By Chris Teale (File photo)

The General Services Administration erred in its awarding of the U.S. Transportation Security Administration’s new lease to the Victory Center in Alexandria because the building exceeded the agency’s limit of square footage as prescribed by its own request for lease proposal, according to a ruling by Judge Charles Lettow of the U.S. Court of Federal Claims that was unsealed on November 25 and obtained by the Times.

Lettow’s ruling was first handed down November 11 under seal, and voided the TSA’s move to the Port City, which had been announced to great fanfare in August. The order was released to the public last week with a number of redactions, mostly related to pricing and square footage.

The ruling criticizes the GSA’s decision to award the lease to Victory Center, having been authorized by Congress to select up to 625,000 square feet of space. It instead awarded a lease for up to 665,000 square feet, including a 140,000 square foot addition to be built adjacent to the building. The GSA is required to seek approval from Congress for leases that cost more than $2.85 million a year in rent.

Robert MacKichan Jr., a partner at law firm Holland & Knight, which specializes in federal leasing issues but is not involved in this case, said the fact that the court views the request for lease proposals to be legally binding in its ruling is significant.

“Up until the issuance of this decision, it was commonly understood that the lease prospectus process was a matter of comity, which is essentially a relationship between branches of government whereby it’s not legally binding, but as a matter of practice the various branches accommodate the other in requests that are made,” he said. “In this instance, Congress has set forth that a lease prospectus is required and GSA has accommodated that request and, as
a matter of policy, they don’t very often deviate from the content of a lease prospectus.”

Lettow cited several internal GSA memos that acknowledged the agency knew that the proposal from the Victory Center exceeded 625,000 square feet. But those memos said the bid should not be disqualified on this basis as it would leave the process open to delays in relocation and would mean paying additional rent on the current TSA headquarters in Arlington. Officials with the GSA did not respond to requests for comment.

The Victory Center, owned by Prudential Real Estate Investors Inc., agreed to provide approximately 24,207 square feet rent-free to the government. An internal GSA memo warned that the overall amount offered was more than what was authorized by Congress.

“Despite foreseeing a protest, GSA chose to execute the lease with Victory Center,” Lettow wrote. “GSA now argues that its decision cannot be undone. If the court were to accept this argument, it would mean that GSA could immunize itself from post-award injunctive relief by signing flawed contracts and then claiming in court that the awards cannot be vacated. It would be inequitable to permit the government to ‘preserve its ill-gotten gain’ in such a manner.”

The decision came following a protest by Boston Properties, owner of a site in Springfield, Va. that lost out on the TSA headquarters project. The GSA could now award the new headquarters to the Springfield site, but also will have to re-examine how it goes about procuring new space for government offices and risk delays.
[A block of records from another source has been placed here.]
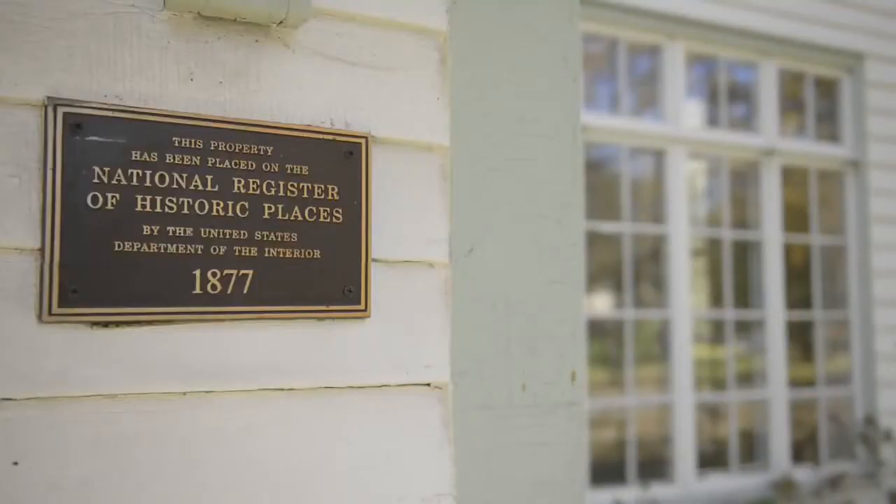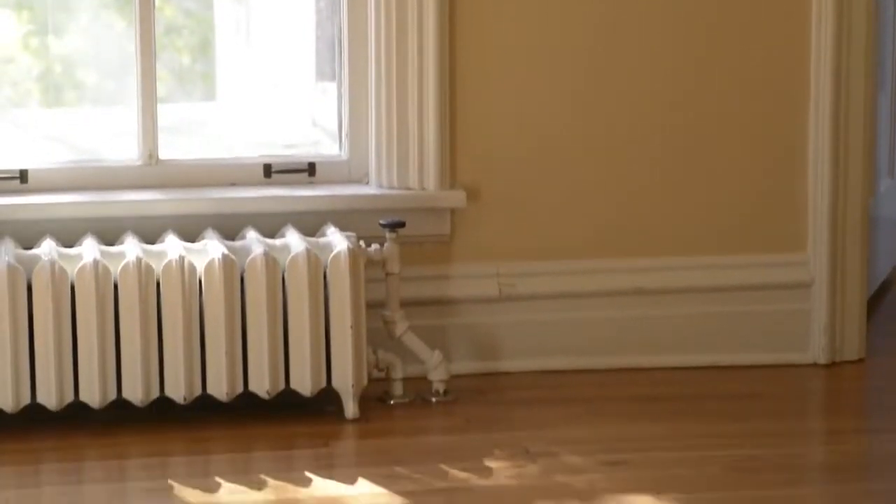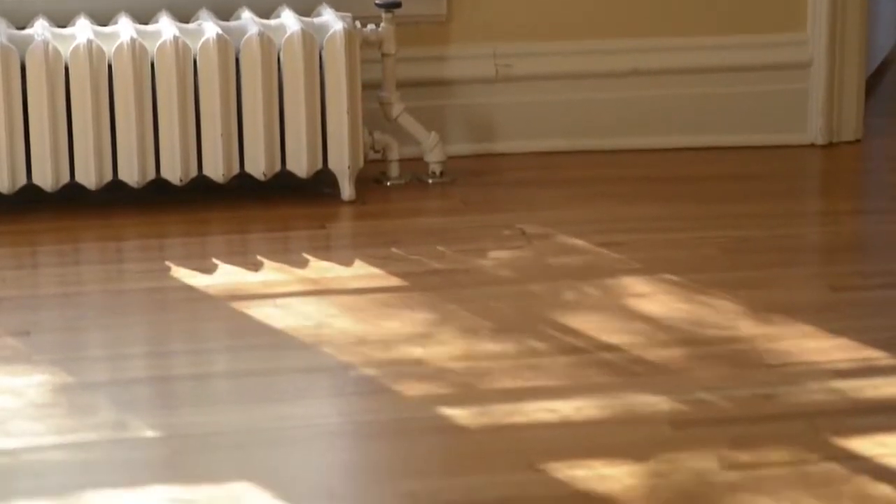We've lived in the house for a year — we purchased it last August. How old the home was, was part of the reason why we chose to do the window film. We have these huge windows and it lets in a lot of natural light, and we refinished the hardwoods and didn't want to have any fading.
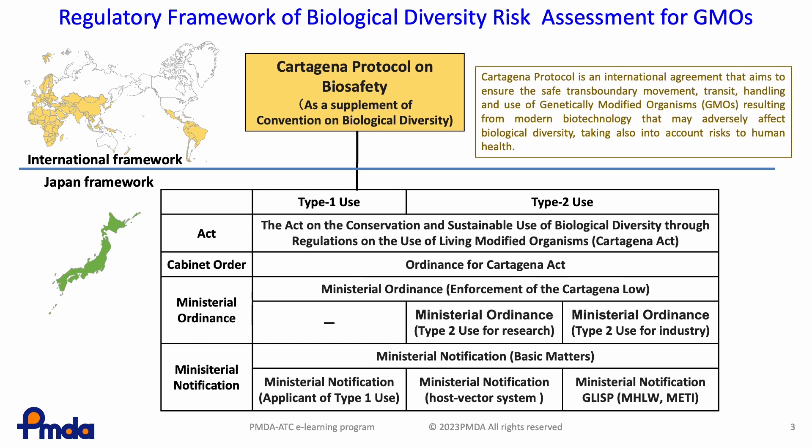The Cartagena Protocol requires the parties to consider the necessity of the standard of handling of GMOs and, if necessary, to establish the standard. In 2003, the Japanese government established the Act on the conservation and sustainable use of biological diversity through regulations on the use of living modified organisms, known as the Cartagena Act, for the handling of GMOs, as the domestic collateral law for the Cartagena Protocol. The Cartagena Law and its related legislation set rules on how GMOs should be used, and these rules must be followed.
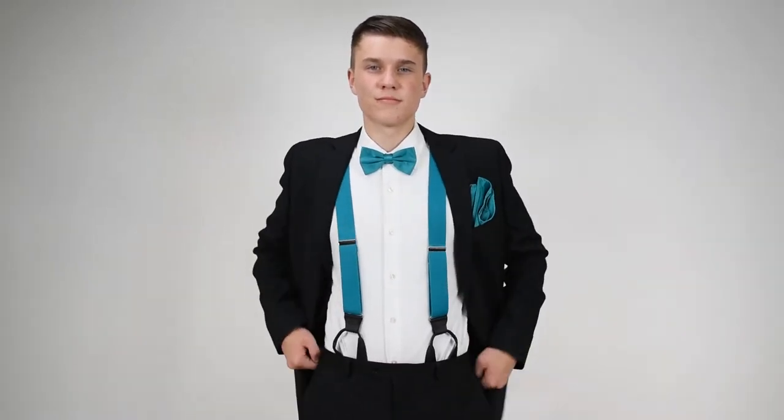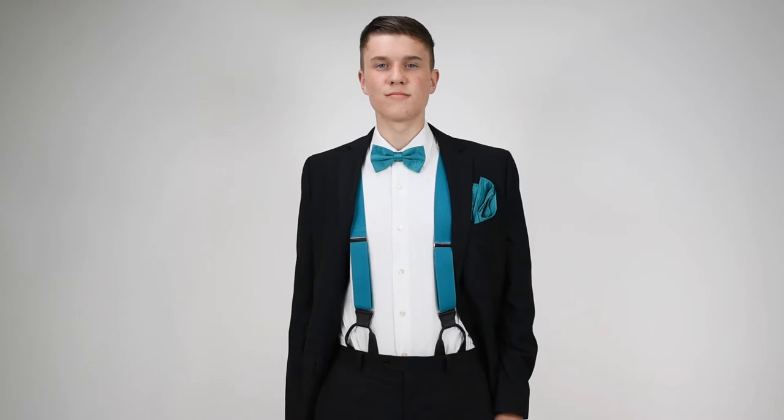These bow ties are pre-tied so you don't have to worry about tying them. They've got adjustable neck straps so they fit a wide variety of sizes. We have them in both adult and kid sizes so the grown-ups and the kids can match their outfits.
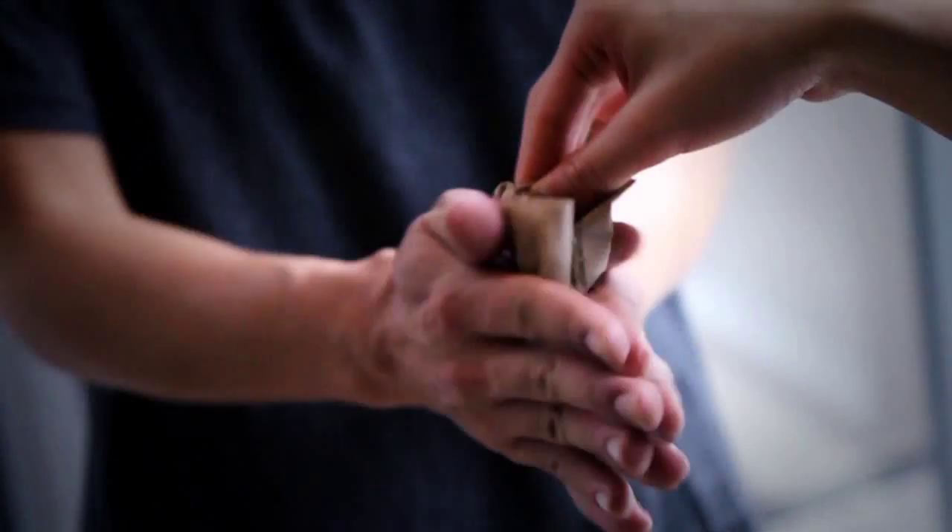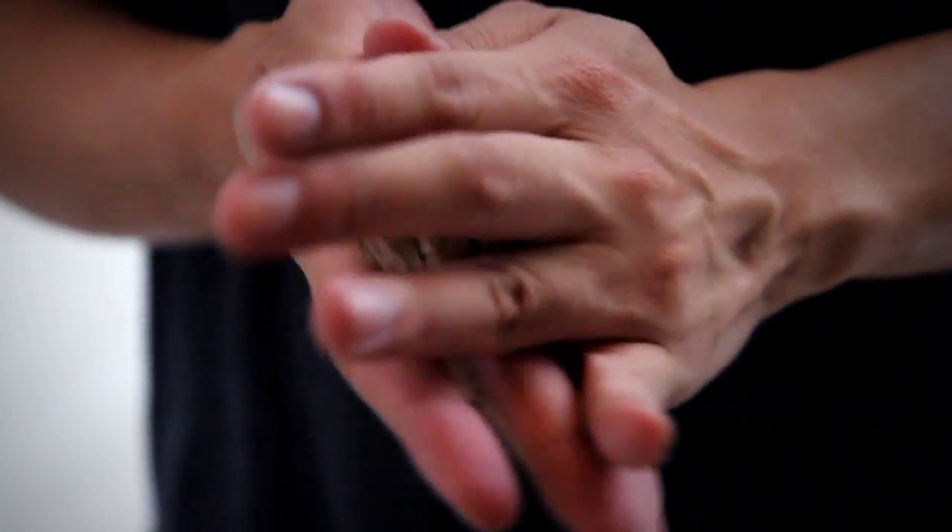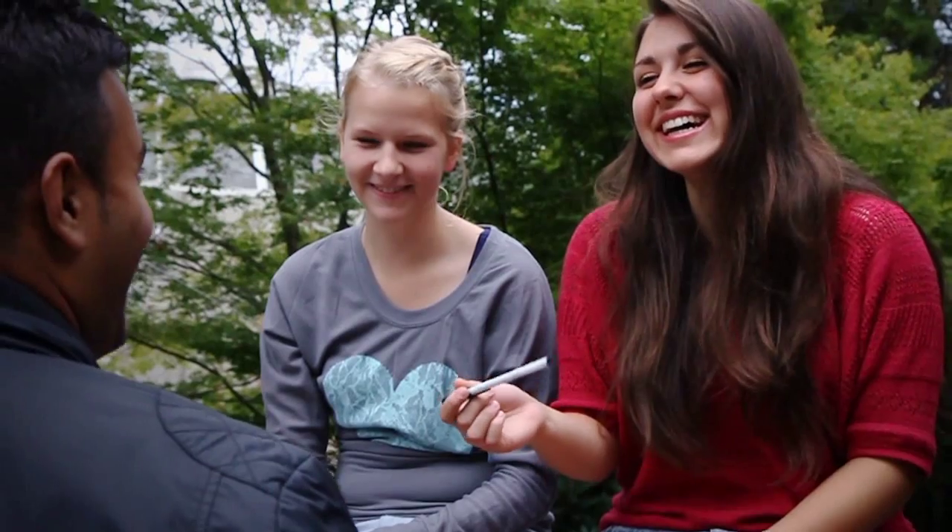Hey guys, this is Tash from Sans Minds Magic bringing you the Vanishing Pen. It's an easy to do pocket miracle that uses the most commonly seen object on the planet, a pen. The best part about this trick is that you can just keep it in your pocket and you'll be ready to amaze.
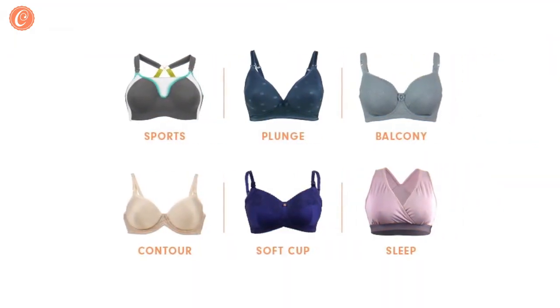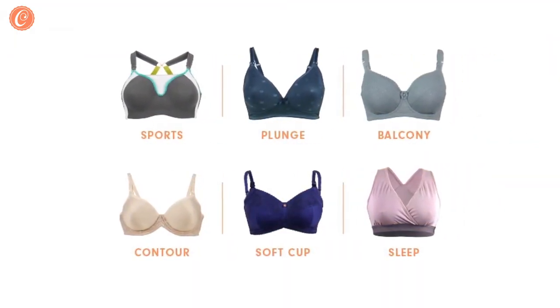Your personal need when it comes to style and use will also matter. T-shirt, lace, sleep, and active bras should also be taken into account.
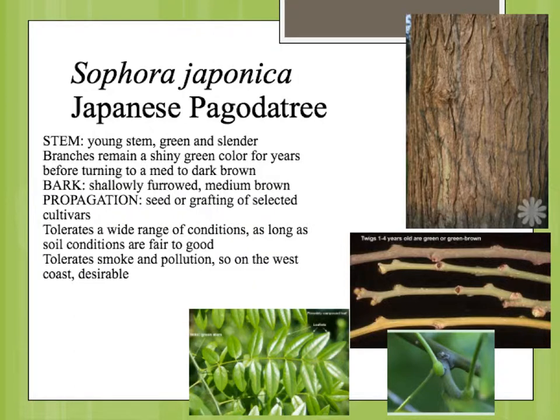The stems are one of the best identification characteristics on this plant. The stems themselves are a deep green, fading to a kind of khaki green for the first up to four years. So you'll have a really long stem that stays green — it hasn't turned brown like many plants that go gray in the second year. This plant holds on to the green character for several years. The stems also have these little white lenticels, which are gas exchange openings, and on this plant they have a contrasting color.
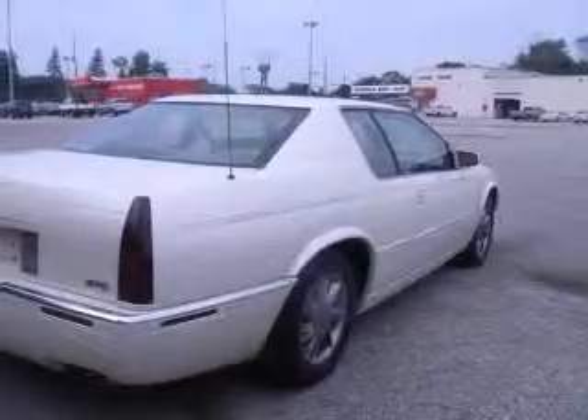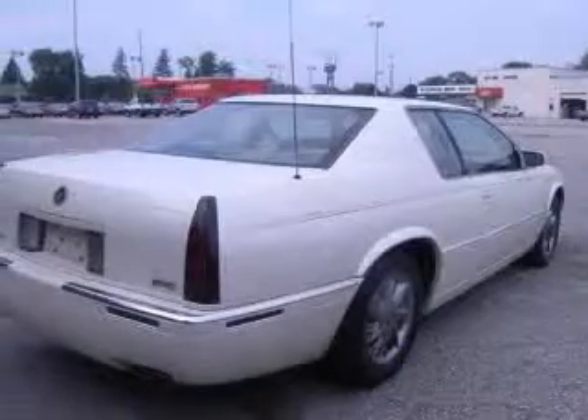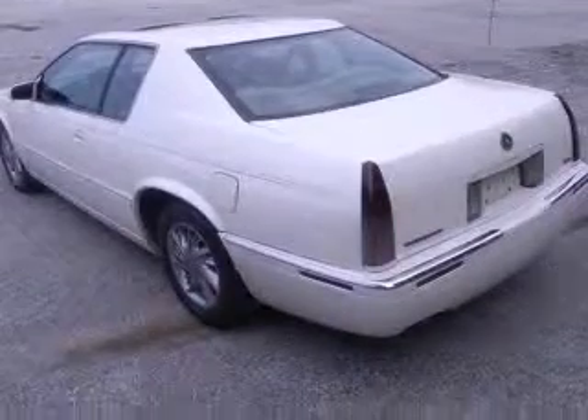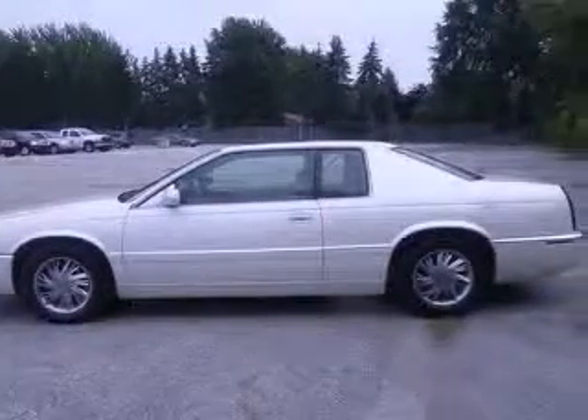This vehicle has a wide exterior and includes the following options: 4-wheel ABS brakes, 6-way power adjustable driver's seat, 6-way power adjustable passenger seat, air conditioning with dual-zone climate control, and audio controls on steering wheel.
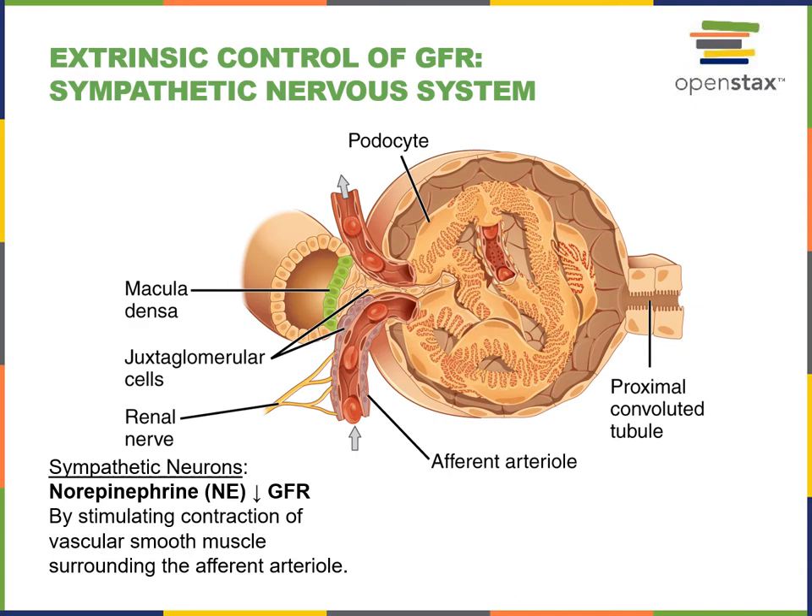The extrinsic control of glomerular filtration rate by the sympathetic nervous system involves the sympathetic efferent fibers of the renal nerve releasing norepinephrine. Norepinephrine binds to receptors on the vascular smooth muscle of the afferent arteriole, stimulating contraction. This constriction of the afferent arteriole increases resistance to blood flow into the glomerulus, leading to a decrease in the glomerular blood hydrostatic pressure, decreased net filtration pressure, and decreased glomerular filtration rate.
“The quandary is that [the GSA] wants to move forward with the TSA project and on the other hand I think this is such a fundamental concept that they’re going to have to re-evaluate the delay of the project versus rectifying what they undoubtedly must view as an incorrect decision,” MacKichan said. “The court doesn’t specify or recommend a course of action, but I still think that they could go back and evaluate the proposals that they have in hand in accord with the judge’s position.”

Also notable about Lettow’s decision is that he addresses the three arguments the GSA makes on why it was not legally bound by the lease prospectus and states why those three arguments are incorrect. He goes on to say that if the GSA had submitted revised prospectuses to the two congressional committees — the House Committee on Transportation and Infrastructure and the Senate Committee on Environment and Public Works — and had them approved, it could have avoided the lease termination altogether.

But the termination of the lease means that while the decision could be appealed, the judge’s ruling may prevent Victory Center from filing an appeal of its own.

“The one gift the judge gave [the GSA] is that he voided the lease, such that it never existed, such that now if they go back and re-compete this, it’s not a breach of the lease,” MacKichan said. “They’ve probably been insulated from any claim by Victory Center that the government breached the lease. That could have been a lot of money. I think the judge threw that in, rather than heaping it all upon the GSA, I think he’s provided that as a little gift at the end.”